David Bergman, in Camp Grounds describes Ginsberg as a poet who, while not addressing the need to support the homosexual community directly, used a "Comically carnivalesque" tone to paint a picture of the situation facing the homosexual in 20th-Century society. As the poet in "Supermarket in California" addresses the grocery boy by saying "Are you my Angel?", Bergman suggests that the questions are rhetorical and meant to point out the relationship between the poet and popular culture by using the market as a "symbol of petit bourgeois society".

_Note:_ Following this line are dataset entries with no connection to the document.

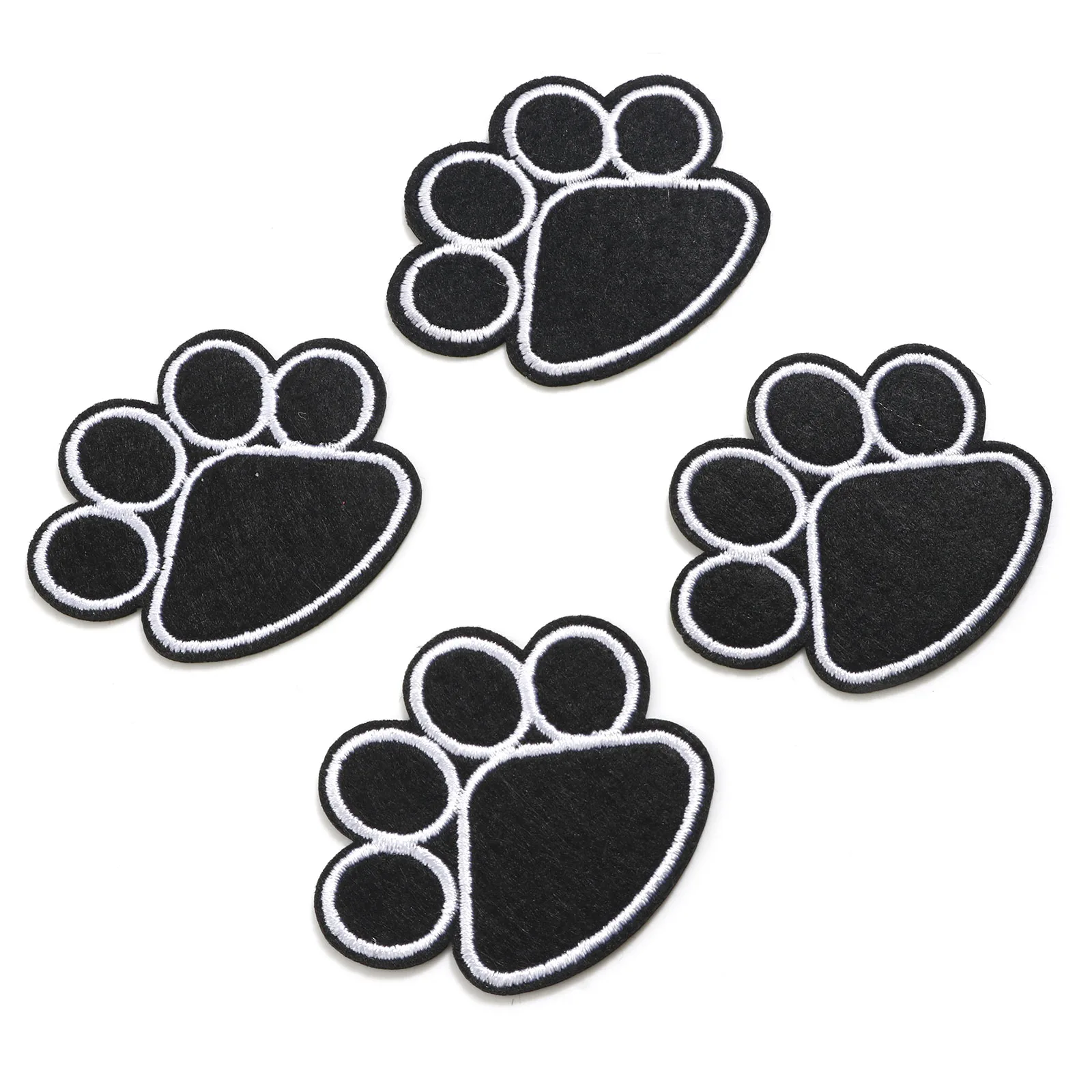 2개입 부직포 애완견 검정색 발톱 자수 패치 접착제 부착 DIY 공예 의류용 5.1x4.2cm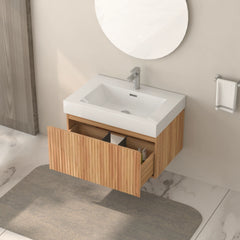 AISU Stripe Badezimmer-Waschtisch mit integriertem Waschbecken, Akazienfarbe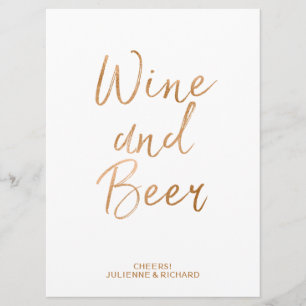 Wein- und Bier-Hochzeitsschild Stilvoller golden Einladung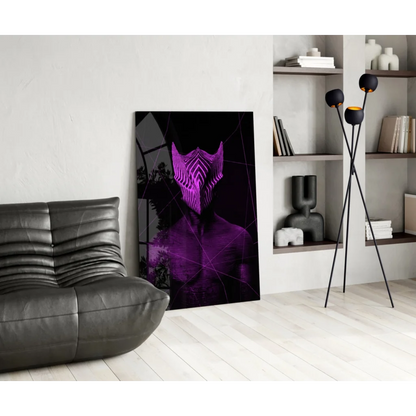 Glowing purple geometric face glass wall art print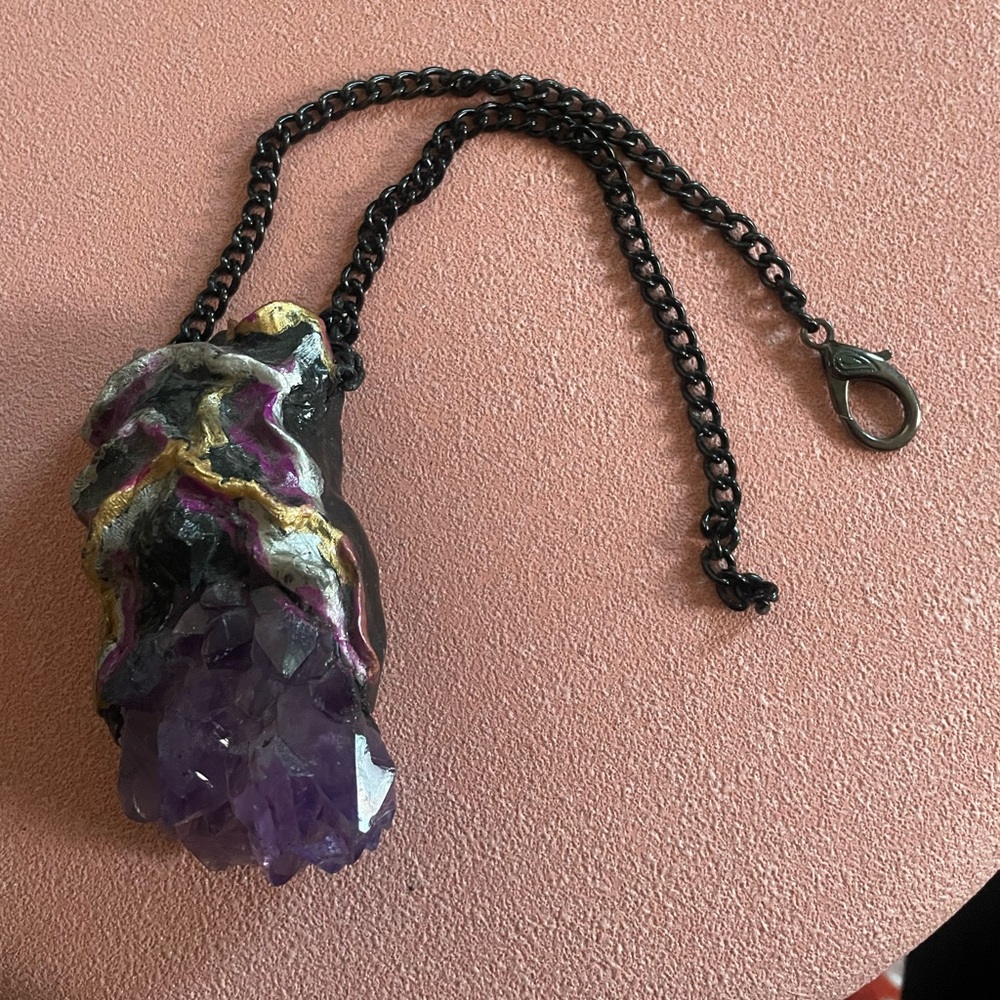 Unique Handmade Purple Amethyst Crystal Pendant Necklace | Statement Piece
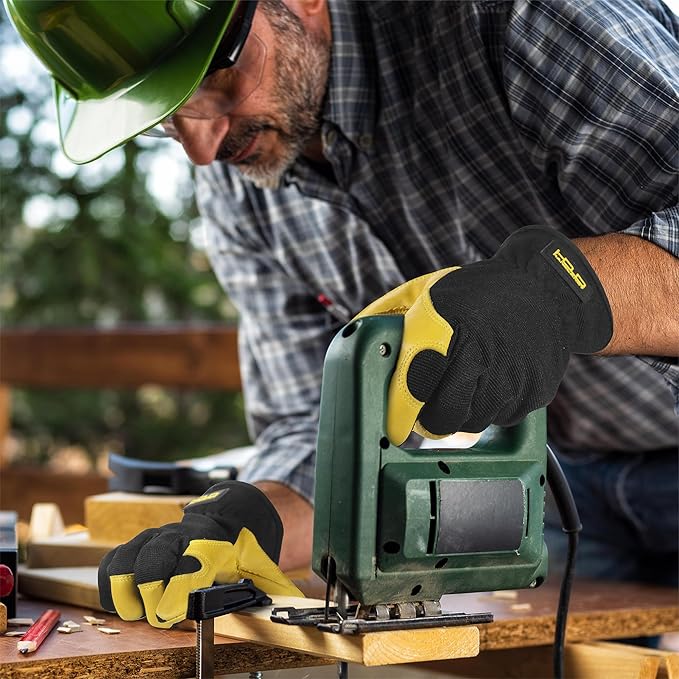 HANDLANDY Leather Work Gloves for Men & Women, Reinforced Durable Garden Gloves, Cowhide Working Glove for Gardening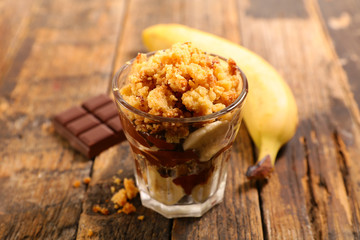 delicious crumble banana and chocolate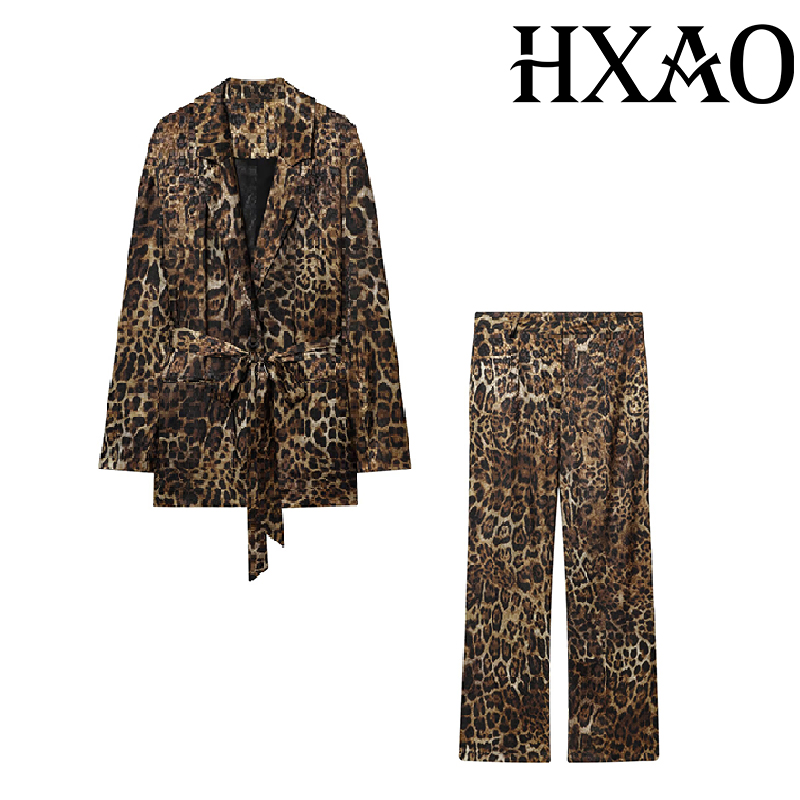 HXAO Leopard Pants Sets 2 Piec - Women'S Formal Wear Suits 评论和价格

Gary Snyder, who traveled with Ginsberg and was present during the first public readings of Howl, stated that the poem suffered from the fact that it was meant as a personal statement. In his letters, Snyder argued that the poem contained repetitions of familiar dualisms that were not present in other works by Ginsberg during the era. However, in an interview published February 12, 2008, Snyder discussed the beneficial aspects of the poem and its reflection of society as it appeared to both Ginsberg and the public: "He was already very much at home in the text, and it clearly spoke -- as everyone could see -- to the condition of the people".

Literary critic Diana Trilling criticized Ginsberg along with his audience by suggesting that "Howl" and other Ginsberg works presented an immature view of the modern society. To Trilling, the audience and Ginsberg shared a relationship that had little to do with literature, and she writes that the "Shoddiness" of the poems attested to the fact that they were created to relate to cynical popular culture rather than provide an artistic statement. Along with others in the Beat generation, the popularity of Howl attracted criticism on the tone and style of the Beat poets. Norman Podhoretz, in a 1958 article entitled "The Know-Nothing Bohemians", writes that "the plain truth is that the primitivism of the Beat Generation serves first of all as a cover for an anti-intellectualism so bitter that it makes the ordinary American's hatred of eggheads seem positively benign".